# Colonel 'Iron Hand' Straken vs Necron C'Tan



## ImperialChancellor (Apr 30, 2009)

Ok so in CC who do you think would win? Straken or C'Tan?


----------



## LukeValantine (Dec 2, 2008)

C'tan because its a bloody star god. I mean if the most tooled up bloodthirsters struggle to down it. I imagine Straken would have a hell of a time even holding his own against even the weakest C'tan.


----------



## Grimskul25 (Feb 17, 2009)

You're joking right? Fluff wise Straken would get torn apart by any current known C'tan; I doubt his Bionic Arm could even dent the necrodermis they're in and he'd probably die before he even knew where they were. Even in game terms it would be impossible or at least he would struggle a lot to kill them as he needs 6s to wound and he'd get instant killed by both the Nightbringer and Deceiver and they ignore invul. saves so yeah, not even close. :music:


----------



## ImperialChancellor (Apr 30, 2009)

Well i mean if you give the C'Tan 1 wound then go to CC with it Straken has that Furious Charge rule which gives him a +1 to strength which will make it 7 strength and +1 Initiative which will make it +5 Initiative matching the C'tan Initiative but Straken will go first because of Furious Charge. So if you look at it Straken could possibly have a chance on the first try,the second time not so much.


----------



## Someguy (Nov 19, 2007)

This thread is too epic. I don't think the tactics area is able to give it justice so I have moved it to general, where more people can witness it.


----------



## Champion Auzias (Apr 30, 2009)

..Or Straken gets zapped by that silly Pie-Plate ability the NIghtbringer has, or better yet flung away by tempest. Straken is good, but some of the Nightbringer's abilities are downright rediculous.


----------



## Daneel2.0 (Jul 24, 2008)

ImperialChancellor said:


> Well i mean if you give the C'Tan 1 wound then go to CC with it Straken has that Furious Charge rule which gives him a +1 to strength which will make it 7 strength and +1 Initiative which will make it +5 Initiative matching the C'tan Initiative but Straken will go first because of Furious Charge. So if you look at it Straken could possibly have a chance on the first try,the second time not so much.

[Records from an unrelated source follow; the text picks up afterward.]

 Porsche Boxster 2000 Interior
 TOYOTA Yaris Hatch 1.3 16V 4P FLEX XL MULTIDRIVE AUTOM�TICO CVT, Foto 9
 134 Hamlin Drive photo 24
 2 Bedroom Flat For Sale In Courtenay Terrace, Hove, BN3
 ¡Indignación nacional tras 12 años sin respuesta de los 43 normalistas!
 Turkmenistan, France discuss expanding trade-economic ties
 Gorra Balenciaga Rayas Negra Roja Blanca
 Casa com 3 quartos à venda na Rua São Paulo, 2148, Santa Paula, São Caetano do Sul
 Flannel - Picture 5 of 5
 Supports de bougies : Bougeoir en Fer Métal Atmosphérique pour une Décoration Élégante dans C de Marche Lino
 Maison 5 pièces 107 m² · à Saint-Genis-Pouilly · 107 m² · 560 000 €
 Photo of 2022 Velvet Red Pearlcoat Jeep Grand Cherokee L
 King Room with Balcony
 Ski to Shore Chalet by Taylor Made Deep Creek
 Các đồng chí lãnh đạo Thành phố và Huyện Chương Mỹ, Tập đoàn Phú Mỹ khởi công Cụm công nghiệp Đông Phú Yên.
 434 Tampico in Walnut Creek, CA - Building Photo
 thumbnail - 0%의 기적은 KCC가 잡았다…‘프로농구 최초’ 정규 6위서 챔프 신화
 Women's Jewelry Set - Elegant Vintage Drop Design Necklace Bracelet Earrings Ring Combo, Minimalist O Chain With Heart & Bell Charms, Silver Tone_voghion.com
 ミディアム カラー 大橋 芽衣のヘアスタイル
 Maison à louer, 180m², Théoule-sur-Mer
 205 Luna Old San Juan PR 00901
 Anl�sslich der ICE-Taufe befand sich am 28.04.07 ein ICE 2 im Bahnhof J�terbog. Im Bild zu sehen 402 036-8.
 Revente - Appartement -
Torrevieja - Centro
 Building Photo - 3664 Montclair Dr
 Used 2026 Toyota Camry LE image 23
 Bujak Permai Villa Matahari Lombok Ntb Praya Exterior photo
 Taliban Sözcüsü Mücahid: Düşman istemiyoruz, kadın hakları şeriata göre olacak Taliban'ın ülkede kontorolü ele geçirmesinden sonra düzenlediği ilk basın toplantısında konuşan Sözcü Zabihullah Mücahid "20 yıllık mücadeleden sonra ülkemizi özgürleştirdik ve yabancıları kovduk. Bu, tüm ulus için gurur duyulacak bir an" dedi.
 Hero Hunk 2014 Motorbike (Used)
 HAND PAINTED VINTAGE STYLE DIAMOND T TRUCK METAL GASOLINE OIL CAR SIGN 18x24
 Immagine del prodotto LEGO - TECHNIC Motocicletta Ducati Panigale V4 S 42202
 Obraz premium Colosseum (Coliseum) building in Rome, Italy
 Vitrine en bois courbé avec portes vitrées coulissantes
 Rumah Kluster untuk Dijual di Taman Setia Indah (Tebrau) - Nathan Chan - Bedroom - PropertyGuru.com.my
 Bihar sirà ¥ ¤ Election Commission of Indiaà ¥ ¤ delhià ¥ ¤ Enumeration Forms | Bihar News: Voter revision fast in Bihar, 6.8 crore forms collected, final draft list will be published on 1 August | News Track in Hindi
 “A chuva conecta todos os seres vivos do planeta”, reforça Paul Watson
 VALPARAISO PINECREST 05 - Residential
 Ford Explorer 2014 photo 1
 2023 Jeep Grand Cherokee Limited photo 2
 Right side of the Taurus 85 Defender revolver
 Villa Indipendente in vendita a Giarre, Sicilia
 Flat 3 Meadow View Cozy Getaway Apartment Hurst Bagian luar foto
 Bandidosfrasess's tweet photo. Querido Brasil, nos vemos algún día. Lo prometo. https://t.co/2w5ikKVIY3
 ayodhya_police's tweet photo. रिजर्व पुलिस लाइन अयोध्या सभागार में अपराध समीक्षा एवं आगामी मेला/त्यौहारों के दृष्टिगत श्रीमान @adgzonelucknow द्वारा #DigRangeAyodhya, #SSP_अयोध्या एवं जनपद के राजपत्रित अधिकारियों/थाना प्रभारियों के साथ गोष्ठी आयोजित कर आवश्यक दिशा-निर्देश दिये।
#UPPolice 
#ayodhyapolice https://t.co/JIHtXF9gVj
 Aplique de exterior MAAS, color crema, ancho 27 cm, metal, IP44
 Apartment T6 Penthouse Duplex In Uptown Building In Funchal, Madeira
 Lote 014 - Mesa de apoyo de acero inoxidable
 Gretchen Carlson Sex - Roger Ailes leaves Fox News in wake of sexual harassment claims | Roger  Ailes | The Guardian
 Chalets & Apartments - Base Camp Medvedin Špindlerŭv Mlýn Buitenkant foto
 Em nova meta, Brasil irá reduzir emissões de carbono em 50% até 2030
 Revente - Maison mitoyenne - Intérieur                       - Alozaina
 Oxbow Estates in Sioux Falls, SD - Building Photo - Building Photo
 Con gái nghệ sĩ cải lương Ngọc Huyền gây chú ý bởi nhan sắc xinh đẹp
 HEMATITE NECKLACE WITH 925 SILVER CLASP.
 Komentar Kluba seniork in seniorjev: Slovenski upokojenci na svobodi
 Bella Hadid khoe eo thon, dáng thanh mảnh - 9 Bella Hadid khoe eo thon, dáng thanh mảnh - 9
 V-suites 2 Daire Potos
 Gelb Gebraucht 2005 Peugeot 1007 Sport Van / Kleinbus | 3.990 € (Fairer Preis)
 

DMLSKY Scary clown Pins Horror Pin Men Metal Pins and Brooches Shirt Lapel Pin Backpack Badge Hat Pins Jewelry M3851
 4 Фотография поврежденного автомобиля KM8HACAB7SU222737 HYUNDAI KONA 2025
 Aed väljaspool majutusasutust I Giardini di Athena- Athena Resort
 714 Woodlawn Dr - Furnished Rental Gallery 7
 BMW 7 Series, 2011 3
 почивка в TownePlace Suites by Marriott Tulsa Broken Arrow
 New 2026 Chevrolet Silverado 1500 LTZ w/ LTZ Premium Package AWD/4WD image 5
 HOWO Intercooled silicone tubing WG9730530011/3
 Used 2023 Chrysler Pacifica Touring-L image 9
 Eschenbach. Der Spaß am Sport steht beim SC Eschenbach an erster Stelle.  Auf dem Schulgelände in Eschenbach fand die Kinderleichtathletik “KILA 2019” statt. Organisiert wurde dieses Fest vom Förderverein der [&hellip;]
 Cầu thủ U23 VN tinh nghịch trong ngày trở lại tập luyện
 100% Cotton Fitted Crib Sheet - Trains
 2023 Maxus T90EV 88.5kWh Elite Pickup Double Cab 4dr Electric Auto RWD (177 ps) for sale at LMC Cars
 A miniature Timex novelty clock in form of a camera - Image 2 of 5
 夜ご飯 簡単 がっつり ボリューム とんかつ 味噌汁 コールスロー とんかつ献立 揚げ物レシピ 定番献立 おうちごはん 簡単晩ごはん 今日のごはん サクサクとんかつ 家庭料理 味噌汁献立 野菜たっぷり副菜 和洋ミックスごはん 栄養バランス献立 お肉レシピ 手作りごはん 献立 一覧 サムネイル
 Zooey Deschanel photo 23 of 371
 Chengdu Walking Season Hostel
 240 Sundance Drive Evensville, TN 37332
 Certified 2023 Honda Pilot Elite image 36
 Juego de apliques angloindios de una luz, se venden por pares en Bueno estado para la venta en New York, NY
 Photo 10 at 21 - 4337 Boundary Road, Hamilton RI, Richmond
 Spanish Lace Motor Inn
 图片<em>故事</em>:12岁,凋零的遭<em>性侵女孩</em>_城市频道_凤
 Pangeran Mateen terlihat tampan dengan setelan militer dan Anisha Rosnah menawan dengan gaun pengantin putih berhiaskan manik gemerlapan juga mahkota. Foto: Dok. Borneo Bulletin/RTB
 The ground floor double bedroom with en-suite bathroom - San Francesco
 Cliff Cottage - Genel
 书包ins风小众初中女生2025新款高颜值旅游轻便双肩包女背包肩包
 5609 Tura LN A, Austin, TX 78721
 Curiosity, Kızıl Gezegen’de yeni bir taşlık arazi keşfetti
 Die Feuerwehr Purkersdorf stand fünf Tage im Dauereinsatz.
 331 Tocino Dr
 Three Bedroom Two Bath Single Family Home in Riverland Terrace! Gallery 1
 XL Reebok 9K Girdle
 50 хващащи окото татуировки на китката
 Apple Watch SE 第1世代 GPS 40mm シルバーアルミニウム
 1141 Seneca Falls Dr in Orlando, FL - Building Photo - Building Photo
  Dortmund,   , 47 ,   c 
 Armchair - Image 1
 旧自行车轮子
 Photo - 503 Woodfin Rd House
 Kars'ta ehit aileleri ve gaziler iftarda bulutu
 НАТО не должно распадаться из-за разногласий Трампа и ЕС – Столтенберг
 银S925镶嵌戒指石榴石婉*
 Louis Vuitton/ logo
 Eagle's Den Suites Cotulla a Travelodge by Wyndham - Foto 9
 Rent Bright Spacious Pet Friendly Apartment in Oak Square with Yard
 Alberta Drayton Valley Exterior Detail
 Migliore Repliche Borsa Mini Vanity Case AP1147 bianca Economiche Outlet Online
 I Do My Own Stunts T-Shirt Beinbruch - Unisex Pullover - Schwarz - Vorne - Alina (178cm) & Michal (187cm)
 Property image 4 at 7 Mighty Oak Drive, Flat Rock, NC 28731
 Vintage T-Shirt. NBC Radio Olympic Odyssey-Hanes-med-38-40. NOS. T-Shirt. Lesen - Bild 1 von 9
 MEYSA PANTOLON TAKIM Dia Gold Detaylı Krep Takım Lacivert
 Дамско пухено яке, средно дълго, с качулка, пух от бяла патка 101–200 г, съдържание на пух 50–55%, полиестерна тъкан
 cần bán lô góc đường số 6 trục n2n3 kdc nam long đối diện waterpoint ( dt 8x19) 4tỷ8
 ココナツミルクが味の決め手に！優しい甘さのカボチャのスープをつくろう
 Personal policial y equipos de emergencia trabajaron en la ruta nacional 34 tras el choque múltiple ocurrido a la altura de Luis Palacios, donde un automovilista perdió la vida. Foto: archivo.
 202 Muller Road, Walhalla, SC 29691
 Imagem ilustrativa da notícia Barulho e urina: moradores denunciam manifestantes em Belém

Straken is I3 not I4, so furious charge doesn't give him the ability to strike with Deceiver. Additionally, furious charge doesn't confer the ability to hit ahead of someone at your same I value, unless I've missed something somewhere. In which case please direct me to the reference.

Well lets split it up against both C'Tan. Against Nightbringer, if Straken gets the charge he strikes at S7 and I4. If the C'Tan is unwounded, he cannot achieve a first turn kill since there is no way to get 5 wounds with 4 attacks. The C'Tan however gets 5 attacks, any one of which will instant kill him with no save allowed. 

Against Deceiver, Straken can't get the charge bonus due to the Misdirect ability, so Deceiver charges at I5 with 5 attacks, any one of which instant kills with no possibility of a save. But with only 4 wounds, it's at least feasible for Straken to kill him, in the unlikely event that he lives to reach his initiative pass.

Now, if you add shooting and balance the sides out so that points are even, its a more serious (and realistic) contest. However in a IC vs. IC contest there isn't really any reasonable scenario that sees Straken winning.


----------



## Stella Cadente (Dec 25, 2006)

Someguy said:


> This thread is too epic. I don't think the tactics area is able to give it justice so I have moved it to general, where more people can witness it.


bin might of been better.


Game wise Straken will win, the more points you spend on 1 model the higher its chances are of dying, plus the C-tan is crap in game from my experience, never does anything, probably wouldn't even reach combat with straken.

fluffwise Straken would still win because GW would write it to be so, or perhaps in the middle of there epic duel a marine would pop in suddenly to kill the C-tan and the rest of the story would focus around space marines and how awesome they are and forget straken was there

or there is the last option, during the duel nobody takes notice because its only children who now play 40k and they all play marines so wouldn't know who Straken was or what a C-tan was anyway so it wouldn't matter


----------



## LukeValantine (Dec 2, 2008)

Ignoring the insane question of whether Straken could beat a C'tan are their any IC that come to mind that can, on a lucky day kill a C'tan in CC. I know abbadon can (Although it used to be a lot easier). Calgar may be able to as well, but that's about where I start drawing a blank. Remember theirs a reason the damn things are being moved to appoc only.


----------



## Daneel2.0 (Jul 24, 2008)

Sure. There are plenty of ICs that can. The main requirement is they have S5 or better. After that Daemon weapons (ignore invulnerable saves), or Force weapons (C'Tan don't have Eternal Warrior) or similar equipment can get the job done pretty quickly.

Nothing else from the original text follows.